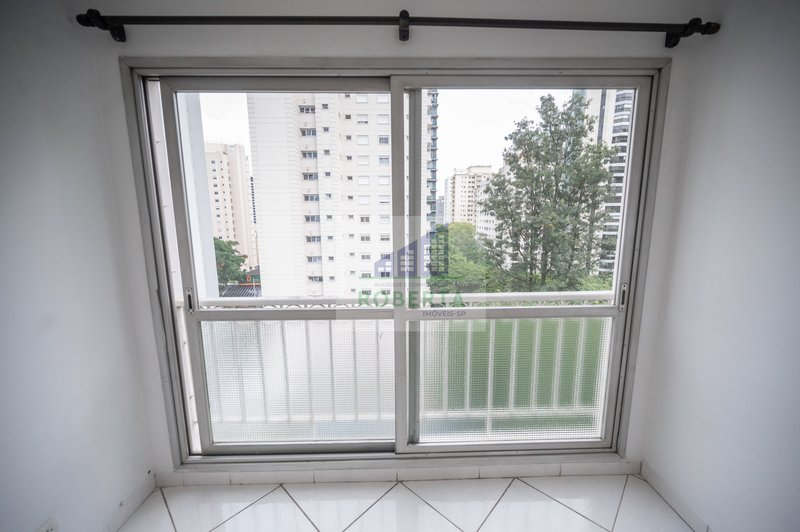 APARTAMENTO À VENDA EM MOEMA COM 2 DORMITÓRIOS Rua Pintassilgo São Paulo - 
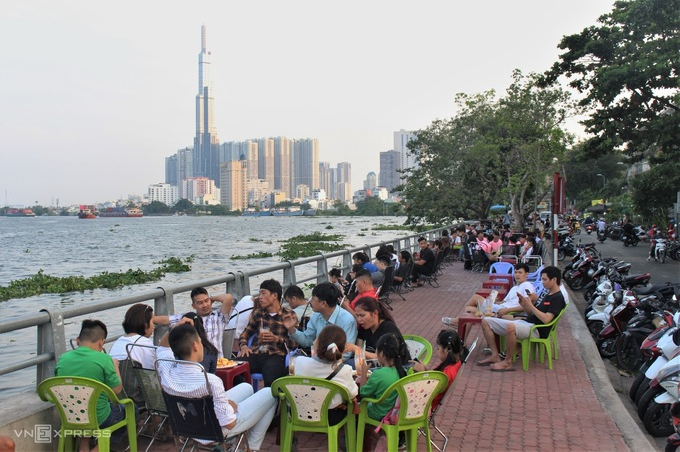 Thanh Da Peninsula - Meeting point to enjoy Saigon's nightlife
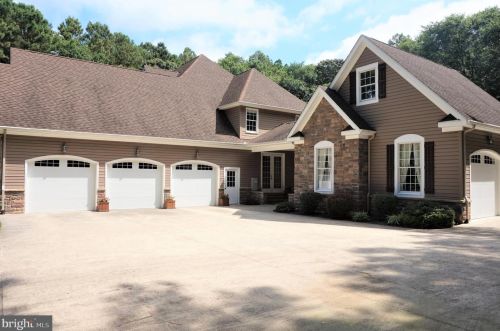 216 Otter Run Ct, Seaford DE  19973-7432 exterior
^^^^
* **The problem**
Retype each line of the listing above word for word. Exclude the pictures.

* **Response to this exercise**
 APARTAMENTO À VENDA EM MOEMA COM 2 DORMITÓRIOS Rua Pintassilgo São Paulo - 
 Thanh Da Peninsula - Meeting point to enjoy Saigon's nightlife
 216 Otter Run Ct, Seaford DE  19973-7432 exterior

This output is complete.